Yes, I have seen his video too. This was my worry, is that you'll be able to get it parallel by adjusting it, but only if you keep the infeed height at a constant. I think I'll be happy if I can get that to happen. I'd much rather do more fine passes than mess with the height. We'll see.


----------



## monkeybiter (20 Jan 2017)

At Christmas I received a Titan from Screwfix, the tables were out of parallel and dipped down to the cutter head. 
I took the front cover off [there is no back cover] and had a look at the way the tables are mounted, looking for adjustment or feasibility of adding some. 
The outfeed is held in place by two 'pins' on either side approx. 8mm dia. if memory serves, they appear [without a full dismantle] to be steel fixed into the cast aluminium table. These pins then locate in four holes in the steel plate side panels. It's theoretically sound but practically weak.

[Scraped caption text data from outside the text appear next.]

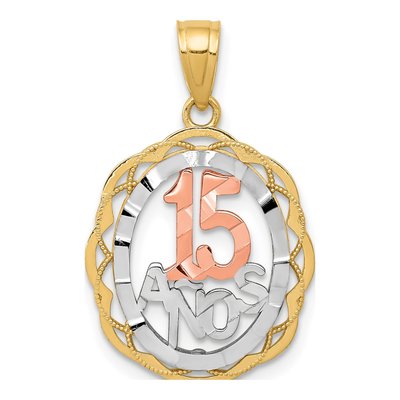 10K Two-Tone Gold ANOS Oval Pendant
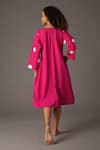 Shop_KHAT_Pink Poplin Cotton Print Polka Round Neck Inverted Pleat Detail Midi Dress _at_Aza_Fashions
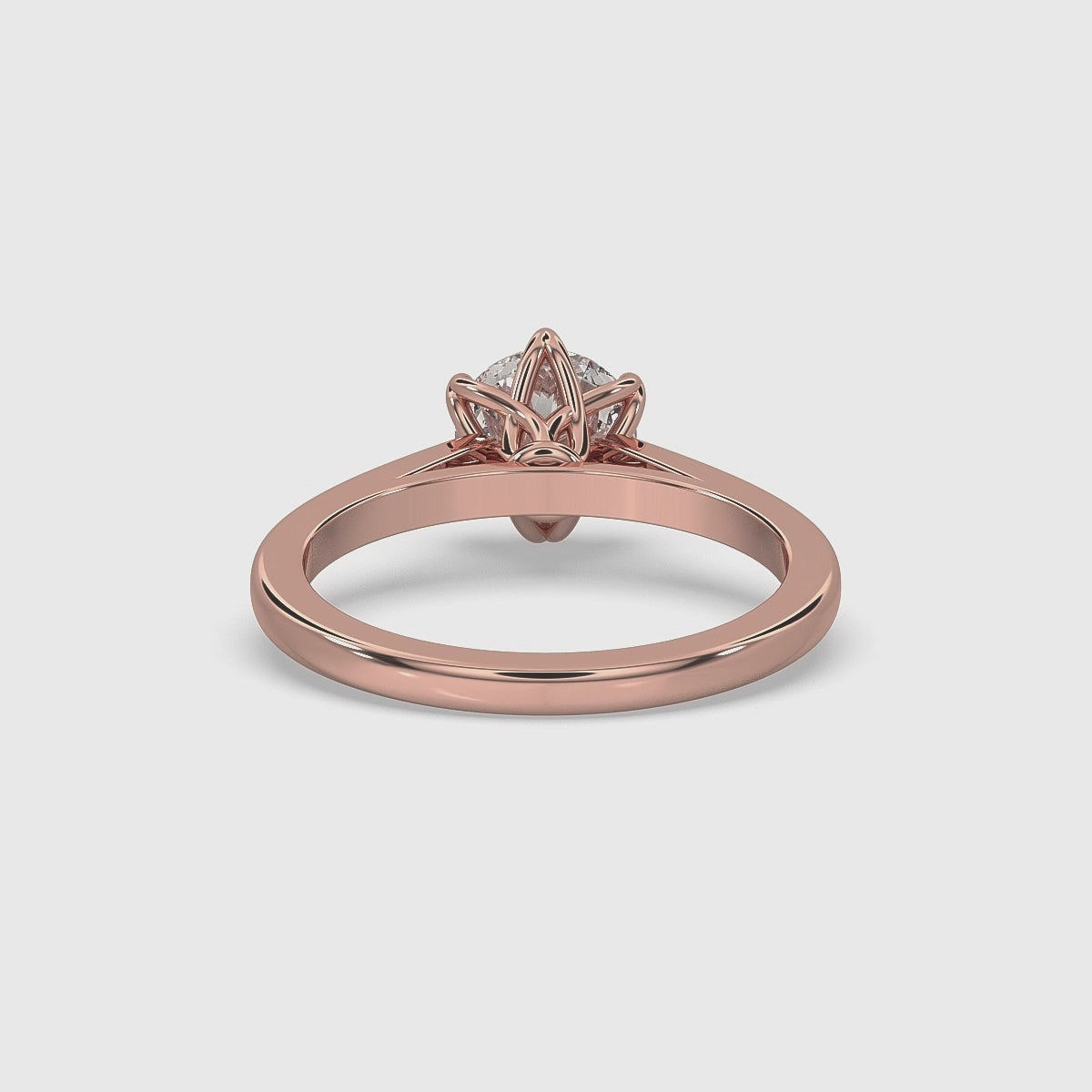 Round Cut Diamond Ring With 6 Prong Setting in Gold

Adjustment would be possible but AFAIK would involve re-forming or replacing one pair of pins.
The infeed uses rectangular blocks instead of pins, and these slide in rectangular holes formed in the steel side plates, giving a very narrow sliding surface which will wear quickly. Again, there is no apparent adjustment.
I rejected the P/T, and the two that followed it, in the end I was given the slightly dearer Erbauer version at the same price. This is currently OK but I'm considering making a separate adjustable support for the outfeed and removing one pair of pins.
I could have had a refund, but I can't afford/justify £600-£700 for a toy and the bargains others seem to find don't come up on schedule or they're always in Cornwall or the Outer Hebrides.
P.S. The staff at Screwfix were excellent and I have only praise for them.


----------



## transatlantic (20 Jan 2017)

monkeybiter":2stcc81q said:


> At Christmas I received a Titan from Screwfix, the tables were out of parallel and dipped down to the cutter head.
> I took the front cover off [there is no back cover] and had a look at the way the tables are mounted, looking for adjustment or feasibility of adding some.
> The outfeed is held in place by two 'pins' on either side approx. 8mm dia. if memory serves, they appear [without a full dismantle] to be steel fixed into the cast aluminium table. These pins then locate in four holes in the steel plate side panels. It's theoretically sound but practically weak. Adjustment would be possible but AFAIK would involve re-forming or replacing one pair of pins.
> The infeed uses rectangular blocks instead of pins, and these slide in rectangular holes formed in the steel side plates, giving a very narrow sliding surface which will wear quickly. Again, there is no apparent adjustment.
> ...




Did the Erbauer version ahve more adjustment then?


----------



## monkeybiter (20 Jan 2017)

From a quick look under the covers they are the same, just different plastic on the outside. Neither appear to have any adjustment of the tables other than the necessary height on the infeed. Titan and Erbauer are both Screwfix's own brands. 
I imagine some quality control filtering at the factory, the actual build quality of each machine determining which badge gets put on and for you and me the price we pay. 
That's probably just fanciful thinking, maybe there are lots of different factories making the metalwork to the same plans, but there are currently a lot of machines across a broad range of prices that look suspiciously identical if you ignore the plastic/fence/motor size. I seem to recall seeing one brand claiming a slightly different capacity [width] but IIRC a little more reading showed that to be a 'typo'.


----------



## Nelsun (20 Jan 2017)

I think it was on here but someone somewhere mentioned a seemingly much better looking fence that fitted to Titan PT. Dug out the link http://m.clasohlson.com/uk/Fence/50-8276


----------



## Bodgers (20 Jan 2017)

transatlantic":y800ypk7 said:


> I know one of the main issues with this machine is that the tables aren't parallel and from what I have read, there is no way to adjust them. However, I've been in contact with Charnwood in regard to their W588 (pretty much identical to the Titan) and I asked how the tables can be aligned. The replay was :
> 
> 
> 
> ...



I have the Titan and I haven't found that adjustment. Looking at the Charnwood manual it doesn't mention any kind of adjustment...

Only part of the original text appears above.